ES: Indexing Rate dropping significantly while Indexing Latency staying about the same

Hi,

I'm indexing ~140 GB of data via the bulk API on a managed AWS instance. I'm noticing the Indexing rate is almost at 30% of what it started at, while the indexing latency is staying the same.

I'm using EBS SSD as the backing store with 2 nodes with 64 gb memory each. My CPU and memory usage seem at pretty normal levels as well:

Any ideas on what could be throttling this? Does AWS maybe throttle inbound traffic or writes to EBS?

The larger shards get, the larger the segments get that need to be merged, which leads to more disk I/O. If you are using gp2 EBS, this has a fixed level of IOPS that you will be reaching once you have depleted you IOPS burst bucket. I am therefore not surprised you are seeing indexing rate drop over time unless you are using EBS with sufficient PIOPS.

Gotcha, that makes sense. I found this little bit of info in the AWS docs

An important thing to note is that for any gp2 volume larger than 1 TiB, the baseline performance is greater than the burst performance.

I'm currently using 500 GB gp2 volumes, I'm bumping it up to 1 TB to see if there is a significant improvement.

Also for a large batch job like this where data isn't needed in real time, increasing the index.refresh_interval should help as well right?

Yes, those should both help as allocated IOPS is proportional to volume size. Have a look at the docs for further suggestions.

Thanks for the quick reply! Something I just thought of is if the issue is with the burst IOPS, shouldn't the indexing rate have a sharper drop, rather than a gradual drop? I thought of this while looking at this AWS documentation: https://aws.amazon.com/blogs/database/understanding-burst-vs-baseline-performance-with-amazon-rds-and-gp2/

image

If you started indexing into an empty index the merging activity will also change over time so I am not sure that is the case. Do you have any monitoring of disk I/O and /or iowait over time? You shuld also be able to see from stats whether merging is being throttled or not.

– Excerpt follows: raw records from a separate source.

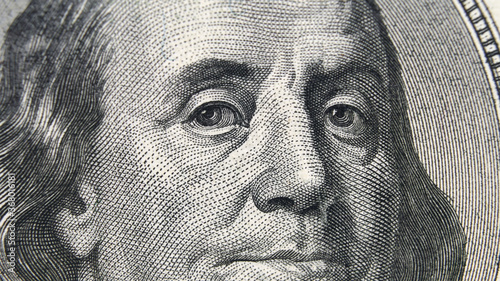 Element of American cash banknote 100 dollars. Macro photography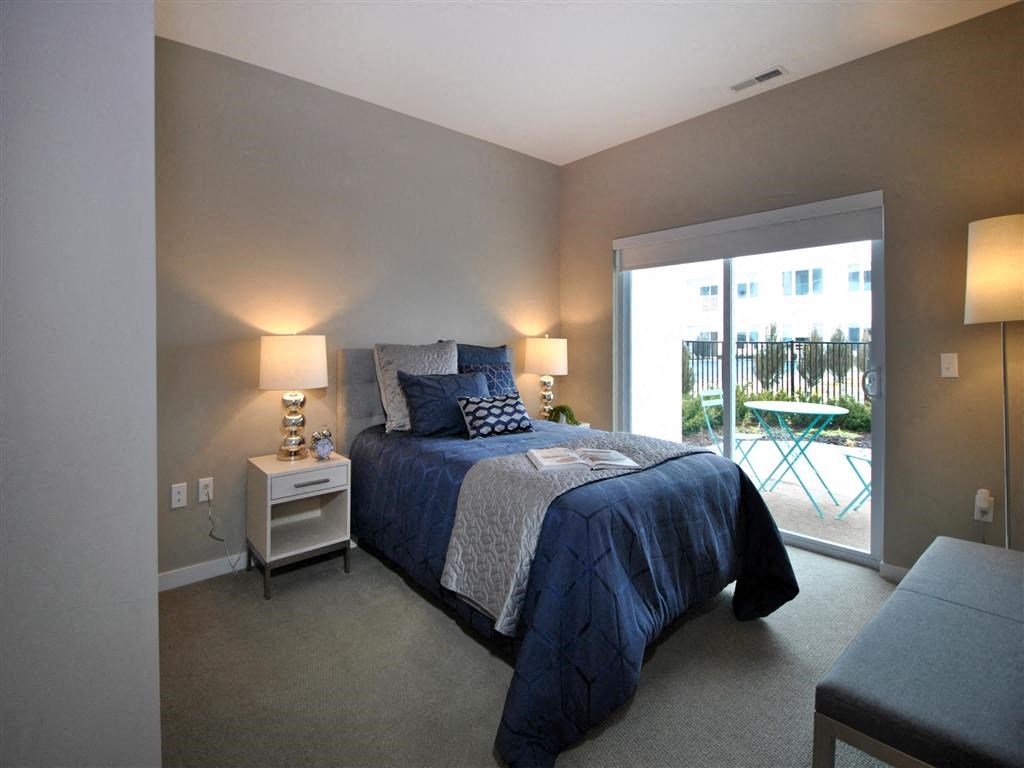 a bedroom with a bed and a sliding glass door a bedroom with a bed and a sliding glass door at The George, Michigan, 48104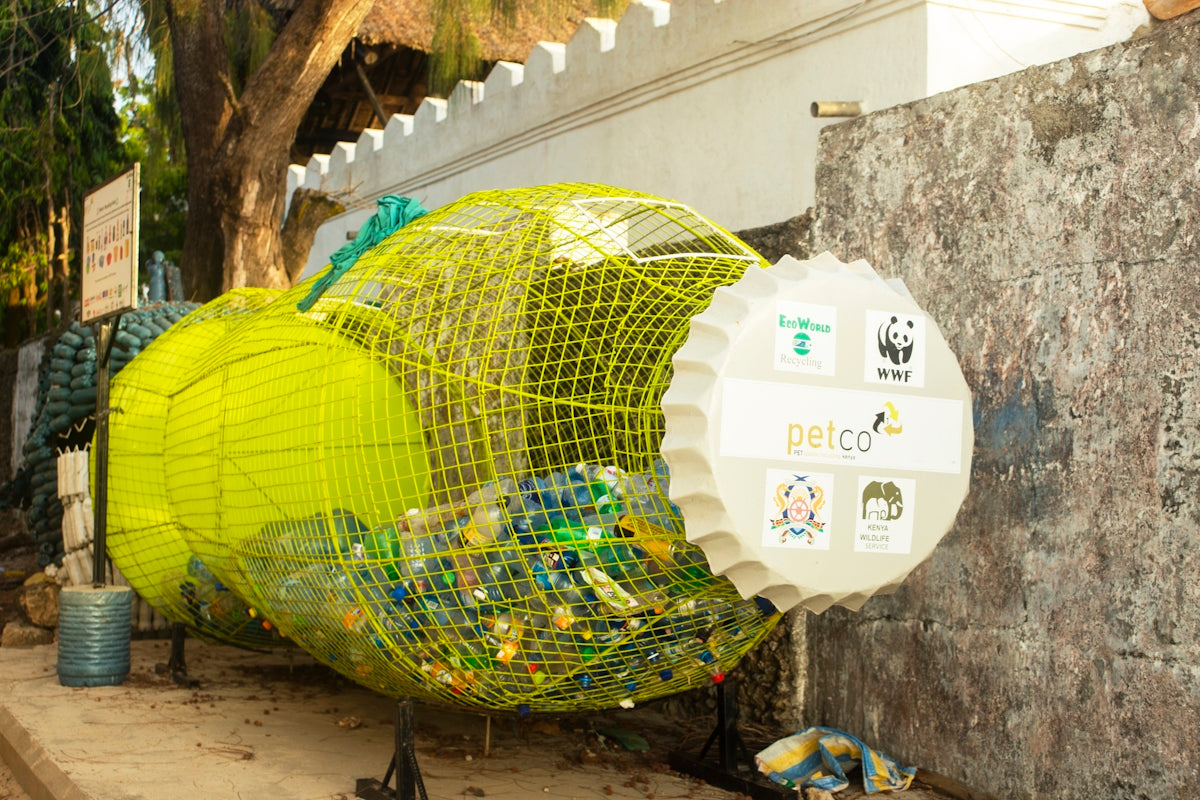 a yellow bird cage sitting on the side of a building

If you are specifying your own document IDs the indexing rate is also likely to drop as the index grows.

Yes I started with indexing into an empty index, here are some more metrics from the beginning of the ingest:

We are in fact specifying our own document IDs, but we need to do this to avoid potential deduplication of our data in ElasticSearch. If there is a different way to deal with duplicate data, I'd be more than happy to switch to using ES doc IDs

If you specify your own IDs, which generally as far as I know is required for deduplication, each insert is in fact a potenial update and Elasticsearch must check if the ID already exists. This will slow down indexing speed over time as the number of documents to check increases. If you can sort your documents by ID lexically before indexing you may see some boost (or at least slower deterioration of performance - see this blog post for further details). Faster storage will also help.

Just as an update I retried the batch ingest with a 1 TB volume (so bursts shouldn't have an effect) and also with the following settings:

"number_of_replicas" : 0,
"refresh_interval": -1

and we're seeing the same pattern of decrease in index rate.

Another update: Using the auto generated ID fixed the issue. Thanks for your help!

This topic was automatically closed 28 days after the last reply. New replies are no longer allowed.